Abstract

Western environmentalism and conservation are deeply entangled with histories of colonialism. This entanglement has marginalised Indigenous and migrant perspectives on the environment to protect settler norms and interests. This paper approaches those two types of othering together in the context of environmental debate, using the lens of a mainstream conservation magazine. We analyse representations of indigeneity and migration in a shifting settler-colonial discourse on the environment, throughout the 45 volumes of the Australian Conservation Foundation’s magazine Habitat (1973–2016). The Australian Conservation Foundation was Australia’s first nation-wide conservation organization. Its magazine exemplifies a settler-colonial discourse that initially aimed to conserve pristine nature but that over time has responded to increasing awareness that environmental crises have transnational causes and consequences, and require intercultural and international cooperation. We found that, while contributors to the magazine increasingly represent Australian conservation issues as connected to international processes and closely collaborate with remote Indigenous communities, they continue to assume the settler as norm and prioritise the protection of wealth and lifestyles.
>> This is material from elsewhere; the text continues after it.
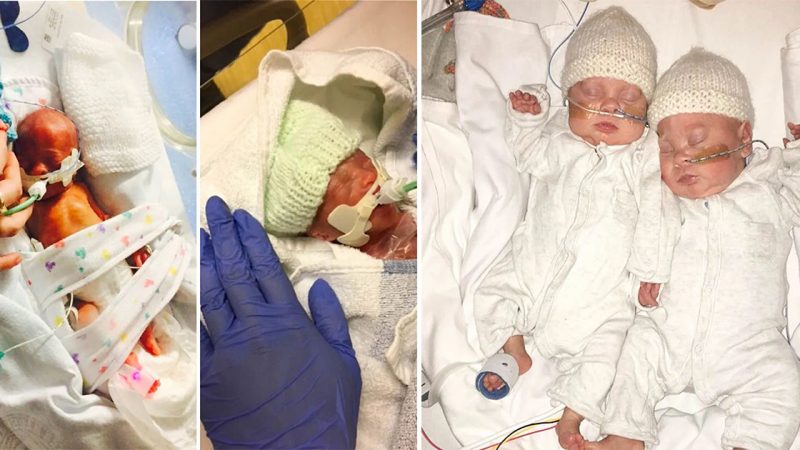 Our Little Warriors: The Story of Twins Born at 24 Weeks and So Tiny They Fit in Their Mother’s Hands.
These goals are achieved through the conditional inclusion of others and through the treatment of environments as having zero-sum limits. The colonial imaginaries of ‘wilderness’ and carrying capacity are repurposed to frame migration as being at odds with Australian people’s wealth and wellbeing. The reiteration of settler-colonial environmentalism as a dominant way of protecting the environment stands in the way of the greater pluralism of environmental relationships that will be needed for coping with environmental change.